▶ _What needs to be done_
Entries follow. Give back exactly the lines starting at the one containing "Irish Books and" and ending at the one containing "Where To Watch: UCLA Vs Gonzaga Live Stream", and no other lines.
Segment Start: Material provided
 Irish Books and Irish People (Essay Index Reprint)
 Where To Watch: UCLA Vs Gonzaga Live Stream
Segment End: Material provided
Segment Start: Material provided
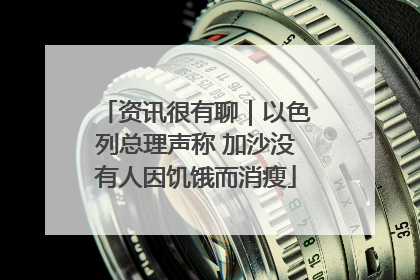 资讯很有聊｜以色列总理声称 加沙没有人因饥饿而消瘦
Segment End: Material provided
▶ _Result for this exercise_
 Irish Books and Irish People (Essay Index Reprint)
 Where To Watch: UCLA Vs Gonzaga Live Stream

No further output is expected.